まちの文化財(57) 氷ノ山登山口多田ケルン

更新日:2019年11月15日

氷ノ山登山道を望む多田ケルン

            氷ノ山登山道を望む多田ケルン

氷ノ山登山口と書いた多田ケルン

         氷ノ山登山口と書いた多田ケルン

 

標高1510メートルの氷ノ山は中国地方では大山に次ぐ高い山で、日本二百名山や兵庫五十山に数えられています。

福定の親水公園付近に「国定公園氷ノ山登山口」と書いた石碑が昭和61年に建てられました。登山家の多田繁次氏さんを顕彰する高さ170センチメートルの多田ケルンです。

多田さんは明治39年丹波市に生まれました。兵庫の山やまをこよなく愛した登山家です。氷ノ山を「兵庫の父なる山」、高丸山から鉢伏山の尾根を「兵庫の母なる山」と呼びました。そして鉢伏山から眺める景色を「正面に構える氷ノ山の雄大な山容、東の妙見山から蘇武岳へかけての懐かしい山稜、西の鳥取県境の未知の山波。

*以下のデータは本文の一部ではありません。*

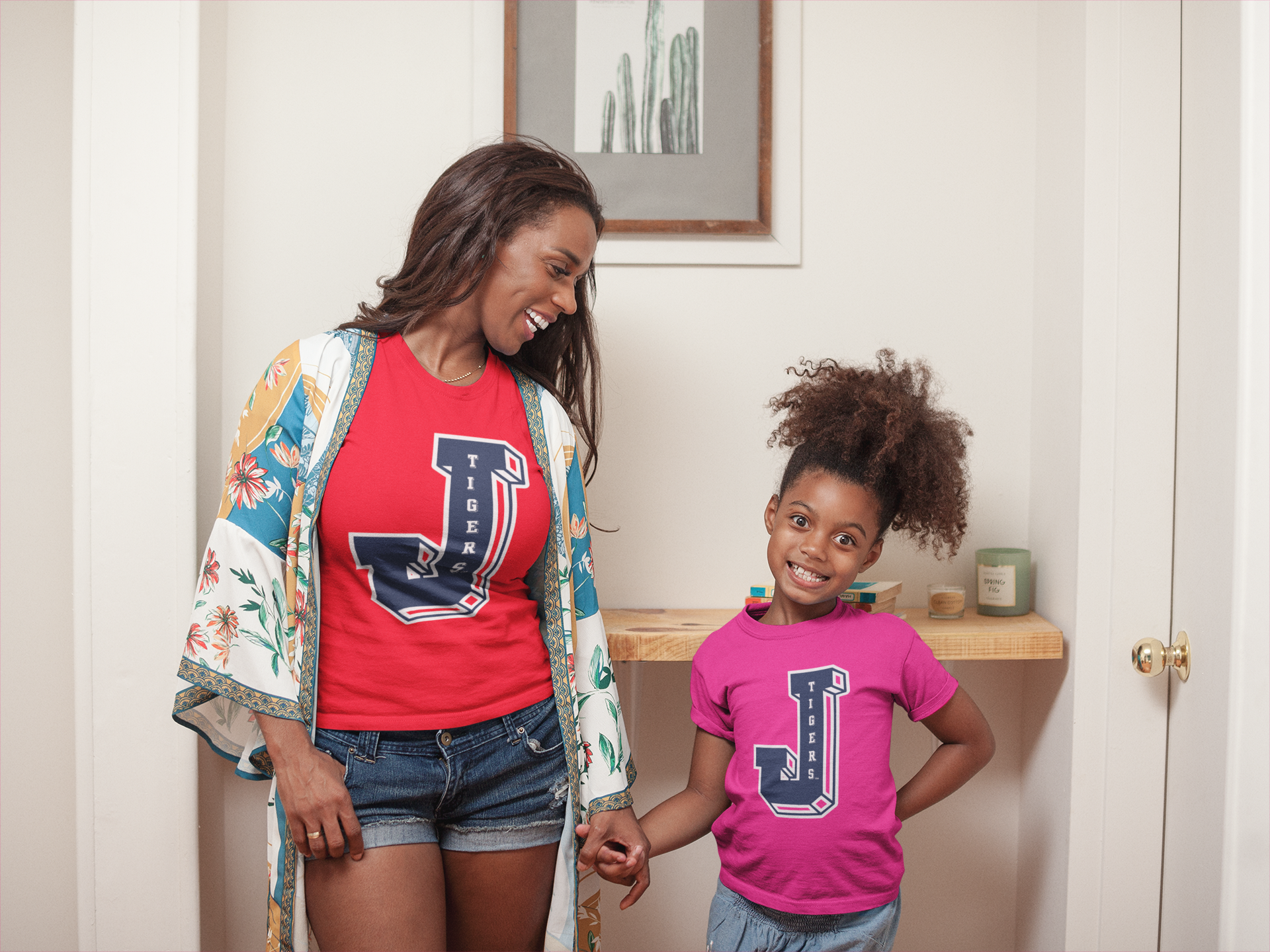 Toddler wearing red crewneck T-shirt with Tigers J logo graphic on chest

いずれも胸の血を湧かすものばかりである」と賛美しています。

多田さんには三つの大きな出来事があります。第1は昭和5年2月10日、高丸山の雪崩で5人が遭難し、1人が死亡しました。その雪崩に多田さんも巻き込まれました。

第2は昭和7年3月20日、氷ノ山越えの峠で登山仲間の加藤文太郎さんに出会い、スキー修理に協力しました。加藤さんは新田次郎の小説『孤高の人』のモデルとなった伝説の登山家です。新温泉町出身で、昭和初期、冬山の単独行で多くの日本記録を作りました。昭和2年から10年まで冬の氷ノ山や妙見山に各6回も登山しています。

第3は氷ノ山山系を通る林道建設やブナ林の大規模伐採に警鐘を鳴らしました。多田さんは氷ノ山の自然を守る会会長として自然保護を訴えました。

但馬の山々を愛した多田繁次、加藤文太郎という登山家がいました。多田ケルンは、氷ノ山へ向かう登山者を今日も静かに見守り続けています。ぜひ名前を知ってほしい登山家です。